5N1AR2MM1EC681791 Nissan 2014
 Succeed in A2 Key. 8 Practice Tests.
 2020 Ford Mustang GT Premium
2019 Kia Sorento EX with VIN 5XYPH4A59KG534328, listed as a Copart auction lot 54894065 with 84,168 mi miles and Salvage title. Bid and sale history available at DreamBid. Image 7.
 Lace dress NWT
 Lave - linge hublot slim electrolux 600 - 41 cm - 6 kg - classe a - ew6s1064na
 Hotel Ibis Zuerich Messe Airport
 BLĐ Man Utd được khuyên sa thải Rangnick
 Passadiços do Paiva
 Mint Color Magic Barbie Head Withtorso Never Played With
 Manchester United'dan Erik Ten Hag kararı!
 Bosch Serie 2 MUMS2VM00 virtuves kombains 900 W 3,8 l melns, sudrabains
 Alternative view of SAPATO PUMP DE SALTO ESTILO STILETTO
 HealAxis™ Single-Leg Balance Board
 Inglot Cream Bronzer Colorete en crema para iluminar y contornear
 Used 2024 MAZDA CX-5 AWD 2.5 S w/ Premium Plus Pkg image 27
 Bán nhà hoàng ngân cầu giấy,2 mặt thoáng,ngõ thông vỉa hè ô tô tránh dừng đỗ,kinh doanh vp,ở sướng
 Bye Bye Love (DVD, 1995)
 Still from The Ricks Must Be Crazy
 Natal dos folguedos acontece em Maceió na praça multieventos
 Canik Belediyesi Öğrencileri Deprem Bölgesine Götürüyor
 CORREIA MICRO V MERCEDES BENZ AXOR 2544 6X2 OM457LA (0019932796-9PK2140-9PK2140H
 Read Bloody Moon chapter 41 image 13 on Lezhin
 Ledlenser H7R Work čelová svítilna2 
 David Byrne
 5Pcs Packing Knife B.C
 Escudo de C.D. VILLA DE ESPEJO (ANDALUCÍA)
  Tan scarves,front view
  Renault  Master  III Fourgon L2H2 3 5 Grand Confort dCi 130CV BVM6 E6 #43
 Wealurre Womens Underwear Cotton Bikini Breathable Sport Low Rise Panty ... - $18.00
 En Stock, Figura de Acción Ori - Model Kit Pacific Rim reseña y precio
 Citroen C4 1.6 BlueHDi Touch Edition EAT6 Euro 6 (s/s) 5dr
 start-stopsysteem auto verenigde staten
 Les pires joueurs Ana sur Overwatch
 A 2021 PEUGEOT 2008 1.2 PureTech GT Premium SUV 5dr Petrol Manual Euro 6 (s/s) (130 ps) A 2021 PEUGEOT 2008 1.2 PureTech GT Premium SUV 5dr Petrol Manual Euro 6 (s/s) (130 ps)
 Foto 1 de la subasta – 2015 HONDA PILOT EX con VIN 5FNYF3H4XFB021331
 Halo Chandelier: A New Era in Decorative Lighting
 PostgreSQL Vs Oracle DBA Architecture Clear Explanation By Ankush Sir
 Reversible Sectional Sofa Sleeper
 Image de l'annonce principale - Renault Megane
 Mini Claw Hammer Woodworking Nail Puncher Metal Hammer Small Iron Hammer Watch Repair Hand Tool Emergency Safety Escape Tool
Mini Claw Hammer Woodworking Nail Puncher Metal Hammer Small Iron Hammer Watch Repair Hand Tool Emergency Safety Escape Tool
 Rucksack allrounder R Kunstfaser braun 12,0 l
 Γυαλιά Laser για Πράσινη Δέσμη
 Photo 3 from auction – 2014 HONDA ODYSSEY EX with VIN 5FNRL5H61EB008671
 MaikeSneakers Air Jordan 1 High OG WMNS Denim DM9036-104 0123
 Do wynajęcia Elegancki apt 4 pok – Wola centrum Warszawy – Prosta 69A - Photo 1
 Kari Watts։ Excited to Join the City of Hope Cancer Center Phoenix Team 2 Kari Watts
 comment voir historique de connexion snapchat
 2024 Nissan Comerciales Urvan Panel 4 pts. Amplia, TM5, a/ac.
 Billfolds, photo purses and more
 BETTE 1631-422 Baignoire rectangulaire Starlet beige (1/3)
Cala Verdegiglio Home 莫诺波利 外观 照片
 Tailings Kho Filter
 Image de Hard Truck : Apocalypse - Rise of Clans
========================================================================
List every line above containing the word "Puncher".

RESULT
 Mini Claw Hammer Woodworking Nail Puncher Metal Hammer Small Iron Hammer Watch Repair Hand Tool Emergency Safety Escape Tool
Mini Claw Hammer Woodworking Nail Puncher Metal Hammer Small Iron Hammer Watch Repair Hand Tool Emergency Safety Escape Tool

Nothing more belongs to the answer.